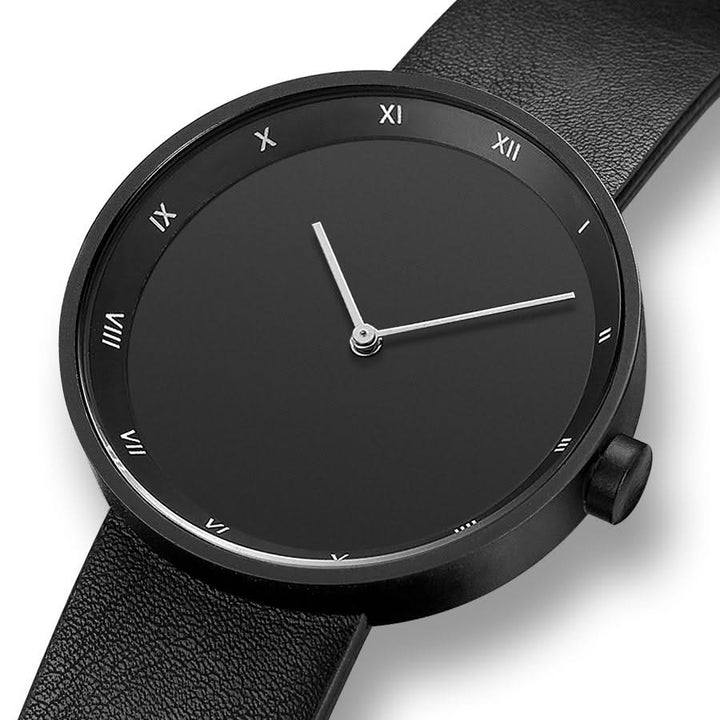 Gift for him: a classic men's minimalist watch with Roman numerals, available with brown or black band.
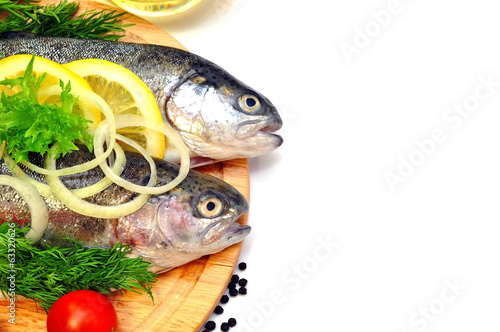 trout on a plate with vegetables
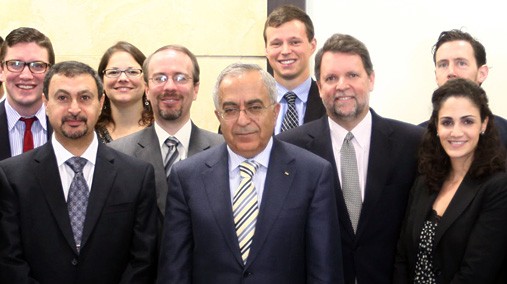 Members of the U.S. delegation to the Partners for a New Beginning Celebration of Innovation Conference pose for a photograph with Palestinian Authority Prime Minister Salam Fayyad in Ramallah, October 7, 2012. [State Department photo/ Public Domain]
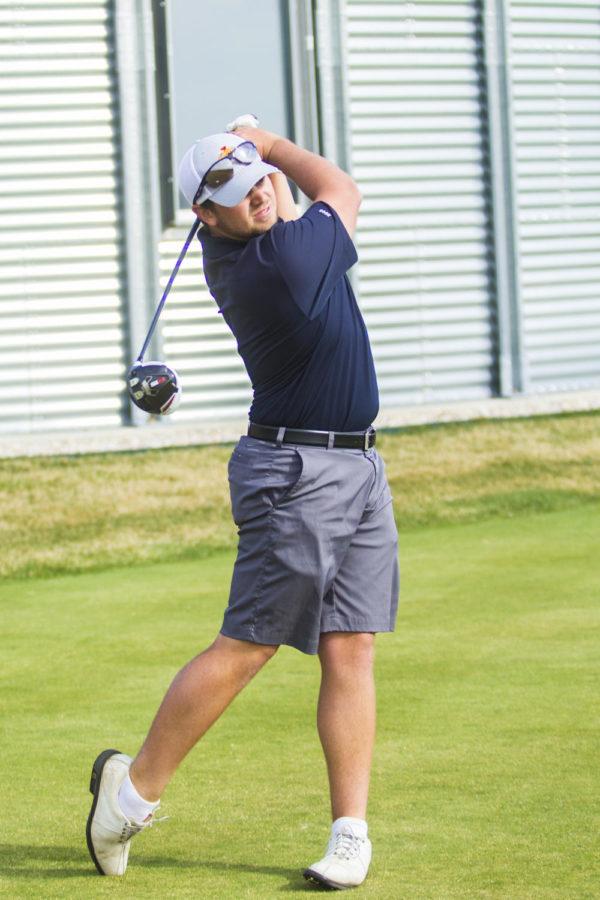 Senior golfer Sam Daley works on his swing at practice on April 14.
• • •
**About this exercise:**
What you need to retype is every line from the one that has "Members of the" through the last line of the listing, both included, with the pictures left out.

**Worked solution:**
 Members of the U.S. delegation to the Partners for a New Beginning Celebration of Innovation Conference pose for a photograph with Palestinian Authority Prime Minister Salam Fayyad in Ramallah, October 7, 2012. [State Department photo/ Public Domain]
 Senior golfer Sam Daley works on his swing at practice on April 14.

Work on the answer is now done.